Une réprimande, l’inadmissibilité à un poste ou à un rôle de supervision pendant un an, l’inadmissibilité à toute promotion pour une période d’un an et une confiscation de la solde pour une période de 30 jours.

[442]  L’autorité disciplinaire doit faire le nécessaire pour exécuter les mesures imposées par le Comité, notamment aviser la section de la rémunération de la Division K et/ou la Caisse fiduciaire de bienfaisance.

[443]  En ce qui concerne la lettre d’excuses, le Comité n’est pas disposé à ordonner qu’elle soit transmise à l’adolescente ou à sa famille, car une telle directive nécessiterait que l’adolescente ait une compréhension claire des répercussions possibles de cette démarche. Par conséquent, le Comité demande que l’autorité disciplinaire, par l’intermédiaire du RAC et en consultation avec la RM, collabore avec le détachement pour déterminer s’il serait approprié de transmettre la lettre d’excuses à l’adolescente et à sa famille et, dans l’affirmative, que la lettre d’excuses leur soit communiquée.

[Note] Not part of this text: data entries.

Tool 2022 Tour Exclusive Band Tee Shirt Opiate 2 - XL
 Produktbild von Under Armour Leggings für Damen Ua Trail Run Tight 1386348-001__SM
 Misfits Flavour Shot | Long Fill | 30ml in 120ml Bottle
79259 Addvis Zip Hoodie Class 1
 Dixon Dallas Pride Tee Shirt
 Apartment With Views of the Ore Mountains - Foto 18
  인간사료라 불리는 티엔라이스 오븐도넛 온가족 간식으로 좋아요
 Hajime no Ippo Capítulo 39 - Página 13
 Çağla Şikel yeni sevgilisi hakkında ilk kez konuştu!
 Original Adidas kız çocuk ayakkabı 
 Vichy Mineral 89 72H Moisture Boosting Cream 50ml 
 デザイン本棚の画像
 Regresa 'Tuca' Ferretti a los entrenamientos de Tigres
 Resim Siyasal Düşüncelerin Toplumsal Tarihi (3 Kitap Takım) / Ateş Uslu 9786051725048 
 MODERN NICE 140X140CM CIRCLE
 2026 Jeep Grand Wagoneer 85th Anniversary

[444]  Le membre visé est informé que les décisions rendues par un comité de déontologie sont accessibles au public et qu’il ne sera informé d’aucune demande relative à la présente décision.

[445]  Conformément au paragraphe 25 (2) des CC (déontologie), la présente décision prendra effet au moment où une copie de celle-ci sera signifiée au membre visé et à l’autorité disciplinaire, c’est-à-dire lorsque la RM et le RAC en auront respectivement reçu une copie électronique (chaque partie ayant renoncé à la signification à personne et ayant accepté que la décision soit signifiée aux représentants par voie électronique).

[446]  Le présent compte rendu de décision constitue la décision définitive du Comité, et le membre visé ou l’autorité disciplinaire peut faire appel de la décision ainsi que le prévoit la Loi sur la GRC.

 

24 décembre 2019

Craig S. MacMillan

Commissaire adjoint

Comité de déontologie

 

Date

 



[1] Sauf indication contraire, les numéros de page des citations et des renvois se rapportent aux éléments énumérés dans le rapport d’enquête lié au Code de déontologie daté du 6 septembre 2018 (« le rapport de déontologie ») et aux renseignements supplémentaires contenus dans un classeur daté du 6 septembre 2018, ou encore aux observations, à la décision juridique, à l’autorité disciplinaire ou aux documents soumis par les représentants et auxquels il est fait référence à cet endroit précis de la décision. Par souci de clarté, les citations tirées du rapport de déontologie seront indiquées par le numéro de page et celles tirées du classeur porteront la mention « B » suivie du numéro de page.

[2] L’allégation 2 contenue dans l’avis citait initialement l’article 4.1 (défaut de se présenter au travail), mais la RM a consenti à ce que l’allégation soit modifiée afin de remplacer l’article 4.1 par l’article 4.2 (négligence).

[3] Les numéros de page font référence à la réponse écrite du membre visé.